I sent it to tech inspection just to be safe, and CV boot was the only thing wrong on the thing!
I have put like 5000 miles on it for mostly short trips and such here, but recently took it skiiing for a long trip! I love it! its been door dinged and crashed into 3? times now since I got it 8 months ago now and Im keeping it! it costs less than a tire change on the cayenne! and milage is superb! its also pretty quiet and comfy! It even has less than 80k miles on it now! all services done, battery changed, brakes changed etc!
I also get 0 shit for showing up in it on my steelies with hubcaps! vs my other cars.
3 valve enignes.... dont seen thoose to much theese days I think some test LS engines had 3 or 5?
At the time the EFI and duel intake manifold was from Honda F1 technology! Also has double overhead wishbone suspenssion on all four corners!
"The Honda A20A3/A20A4 is a 2.0 l (1,955 cc, 119.3 cu-in) straight-4, four-stroke cycle gasoline engine from Honda A20A-family. The Honda A20A3 and A20A4 motors was produced from 1984 through 1989.
Both engines have SOHC (single overhead camshaft) design with 12 valves (3 per cylinder). The engines used a cast-iron cylinder block with a five bearing supported system and aluminum cylinder head. The engines are equipped with Honda PGM-FI fuel injection system.
Basically, this is the same motor but the A20A4 gives a higher power output because of not having emissions components and offered for Europen market."
1988-1989: 121 PS (89 KW; 120 HP) at 5,500 rpm of horsepower and 165 Nm (16.8 kg·m; 121.8 ft·lb) at 4,500 rpm of torque
I still can't seem to kill it! Tons of blow-by, but runs!
DominatorJacquesAt the time the EFI and duel intake manifold was from Honda F1 technology! Also has double overhead wishbone suspenssion on all four corners!
"The Honda A20A3/A20A4 is a 2.0 l (1,955 cc, 119.3 cu-in) straight-4, four-stroke cycle gasoline engine from Honda A20A-family. The Honda A20A3 and A20A4 motors was produced from 1984 through 1989.
Both engines have SOHC (single overhead camshaft) design with 12 valves (3 per cylinder). The engines used a cast-iron cylinder block with a five bearing supported system and aluminum cylinder head. The engines are equipped with Honda PGM-FI fuel injection system.
Basically, this is the same motor but the A20A4 gives a higher power output because of not having emissions components and offered for Europen market."
1988-1989: 121 PS (89 KW; 120 HP) at 5,500 rpm of horsepower and 165 Nm (16.8 kg·m; 121.8 ft·lb) at 4,500 rpm of torque
I still can't seem to kill it!

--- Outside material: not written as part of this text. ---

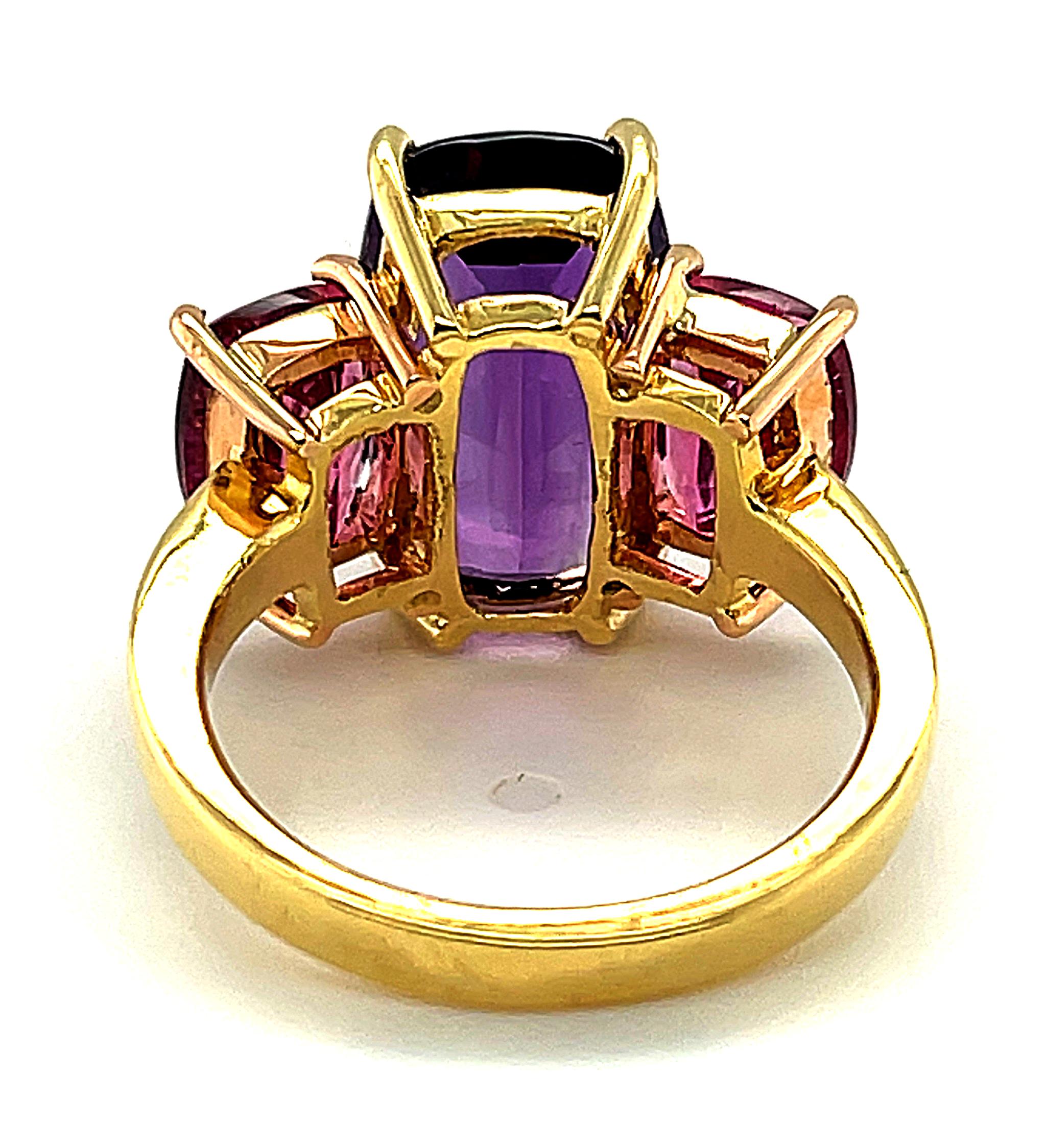 Artisan 6.32 ct. Amethyst and Pink Tourmaline Three-Stone Ring in Rose and White Gold For Sale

Tons of blow-by, but runs!
Lol one day someone is gonna be looking for info for their car on an auto discussion board and land on page 1 of this thread.
nice! boat lifts are super rare here, probably less than 50 in entire country, only the super rich can afford them, and get them approved :p
also salt water, so stuff gets killed quite quick!
will be doing work to my boat as well this weekend, pulling all pillows and liner pillows around hull, getting ready for mounting new side hatches on tuesday! measuing out to build a new rear bench that flew overboard or something (its lost)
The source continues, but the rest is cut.